バルコニー腰壁の笠木(壁の上端に設置するフタ状の金属部材)の立下りは、壁との間に指が入る程度(およそ10ミリ)の距離を取っておくことが望まれます。壁と笠木とのすき間がわずかであれば、笠木から流れ落ちた雨水が壁を伝うことになりますし、毛細管現象によって雨水が笠木の内側に回り込むリスクが高まるからです。

写真は腰壁の内側にも外側にも笠木とのすき間がない事例です。実はこちらの建物は、施主のリクエストで契約後にサイディングをアップグレードしました。図面ではサイディングの厚みが15ミリとなっており、また、土台水切りとサイディング下端との間に曲尺(かねじゃく)を差し込んだところ、奥までおよそ36ミリでした。竣工図面や現行のサイディングに関する資料がなかったので推察になりますが、仮に胴縁の厚みが18ミリとすると、サイディングの厚みは18ミリとなることから、15ミリから18ミリのサイディングに変更したものと思われます。本来であれば、サイディング厚の変更に対応し、6ミリ以上幅の広い笠木に交換すべきだったのに、それを怠って(失念して)しまったのではないでしょうか。
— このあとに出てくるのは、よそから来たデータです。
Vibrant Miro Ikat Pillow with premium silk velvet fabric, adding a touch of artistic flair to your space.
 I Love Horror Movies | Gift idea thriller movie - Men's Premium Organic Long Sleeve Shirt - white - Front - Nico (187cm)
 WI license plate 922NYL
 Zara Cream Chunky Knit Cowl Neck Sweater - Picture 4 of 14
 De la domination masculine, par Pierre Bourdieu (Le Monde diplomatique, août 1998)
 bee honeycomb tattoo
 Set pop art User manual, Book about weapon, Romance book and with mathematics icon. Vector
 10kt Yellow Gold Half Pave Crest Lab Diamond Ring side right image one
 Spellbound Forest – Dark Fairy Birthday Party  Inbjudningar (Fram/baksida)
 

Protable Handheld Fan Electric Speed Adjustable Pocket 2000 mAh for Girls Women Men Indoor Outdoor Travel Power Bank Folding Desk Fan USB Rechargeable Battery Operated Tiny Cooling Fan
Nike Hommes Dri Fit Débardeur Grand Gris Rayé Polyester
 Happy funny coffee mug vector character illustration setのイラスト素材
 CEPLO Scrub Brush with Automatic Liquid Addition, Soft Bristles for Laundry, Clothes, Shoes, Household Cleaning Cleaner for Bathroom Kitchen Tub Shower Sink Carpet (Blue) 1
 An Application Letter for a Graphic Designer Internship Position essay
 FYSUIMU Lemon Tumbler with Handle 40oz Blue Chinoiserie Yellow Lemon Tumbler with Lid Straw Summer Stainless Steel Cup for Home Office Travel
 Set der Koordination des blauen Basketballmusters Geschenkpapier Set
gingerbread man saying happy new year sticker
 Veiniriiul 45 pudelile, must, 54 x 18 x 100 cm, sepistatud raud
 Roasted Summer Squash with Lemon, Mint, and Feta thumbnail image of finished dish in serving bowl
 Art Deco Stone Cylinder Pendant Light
腰壁だけに着目すれば、サイディングをアップグレードしたことによって、かえって雨水がかかる程度が大きくなり、劣化を速めてしまったといえるのです。
さらに申し上げれば、この状態のまま何の配慮もせずに塗装すると、笠木内部に入り込んだ雨水の出口をふさいでしまうことになり、腰壁内部を腐朽させるリスクが高まります。問題は、その配慮ができる塗装職工がどれくらいいるかということです。